- Les concombres de mer sont très prisés en Asie de l’Est, où ils sont utilisés dans la médecine traditionnelle.
- En raison de la forte demande pour ces animaux marins, leur population a chuté de manière vertigineuse en Tanzanie et ailleurs, plaçant de nombreuses espèces sur la liste rouge de l’UICN.
- Le gouvernement, qui avait interdit leur exportation depuis la Tanzanie continentale en 2003, a récemment commencé à encourager leur culture et leur élevage.
ÎLE MAFIA, Tanzanie – La barbe blanche flottant dans les eaux turquoise, Waziri Mpogo plonge sous la surface à quelques centaines de mètres d’une plage bordée de palmiers. Il retient son souffle et se dirige vers les herbiers marins et émerge soudain de l’eau, un tube jaune et visqueux à la main. La chose en question est épineuse et épaisse, mesure environ 15 centimètres de long et contient un petit trou à l’une de ses extrémités. Il la montre du doigt avec excitation en remontant à la surface.
Il s’agit d’un concombre de mer, un Thelenota ananas, « une holothurie ananas », pour être exact. C’est l’un des centaines de spécimens qui vivent en liberté sur les fonds marins de l’exploitation Mpogo Ocean Ranching Ltd, au large de l’île de Mafia, en Tanzanie. Elle n’en a peut-être pas l’air, mais cette espèce, qui ressemble étrangement à une limace et se nourrit sur les fonds marins en rampant, est l’une des espèces les plus précieuses de la côte est-africaine de l’océan Indien. Et, c’est pour cette raison qu’elle est braconnée et menacée d’extinction ici, en Tanzanie, et dans le monde entier. Cette large ferme sous-marine de 67 hectares (166 acres), s’inscrit dans les efforts déployés par le Gouvernement tanzanien, pour réguler le commerce des concombres de mer et aider leur population à se reconstituer.

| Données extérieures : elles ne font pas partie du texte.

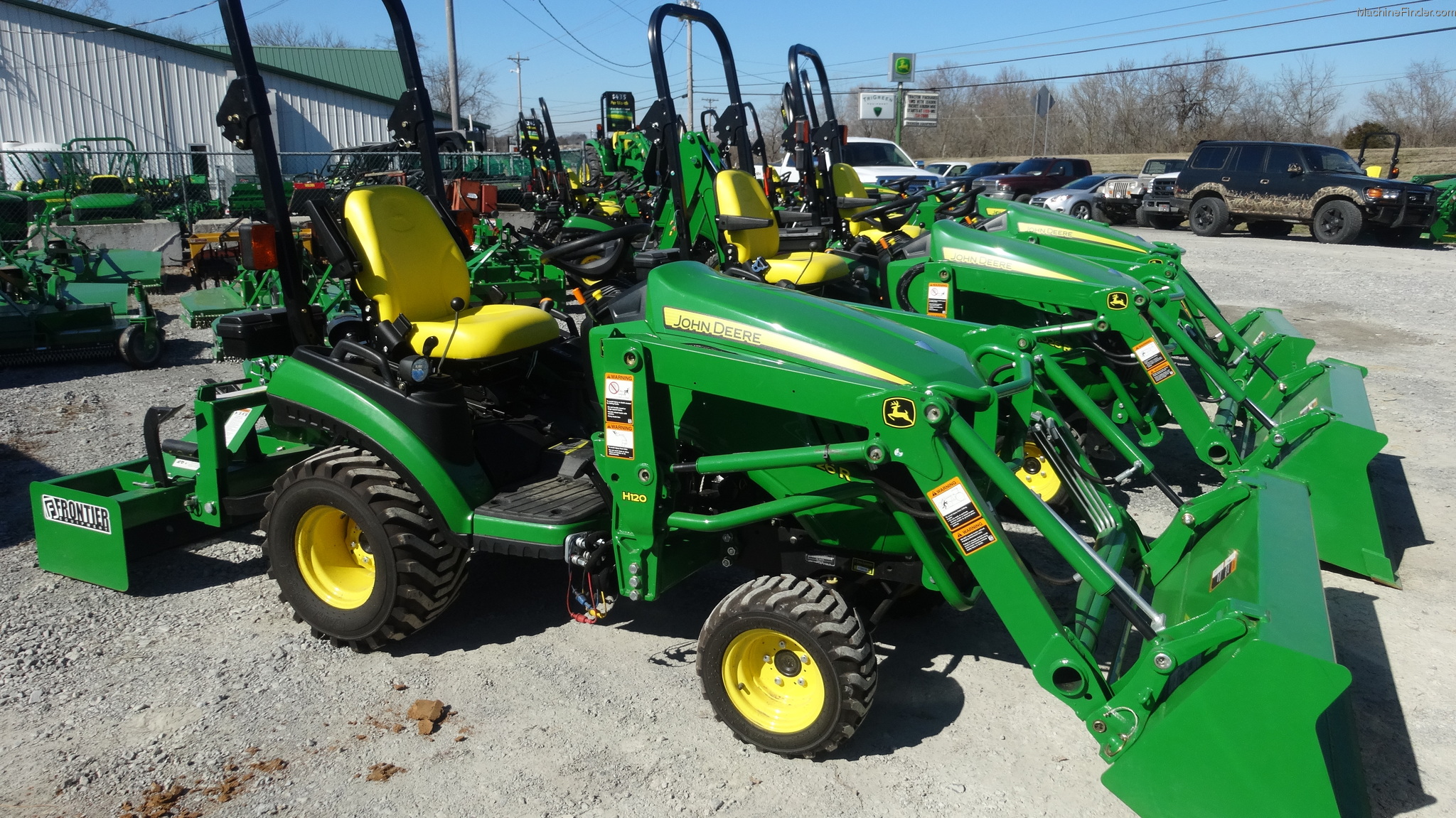 2012 John Deere 1026R Tractors - Compact (1-40hp.) - John Deere ...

Mpogo brandit le sujet cylindrique ondulant au-dessus de la surface, le sourire aux lèvres. Mpogo a 67 ans, une carrure imposante et une prestance d’aîné, mais dans l’eau, il redevient presque un enfant, zigzaguant entre les herbiers marins et taquinant les crabes tout en rassemblant son « troupeau », qu’il dépose dans un seau sur son petit bateau. Sur cette île, il est connu sous le nom de « père » de l’élevage extensif de concombres de mer, et son activité, c’est sa passion.
« Les concombres de mer sont une espèce en voie de disparition », dit-il, les vagues lui tapotant le menton. « Avec le projet que j’ai lancé, j’espère bien contribuer à augmenter leur population ».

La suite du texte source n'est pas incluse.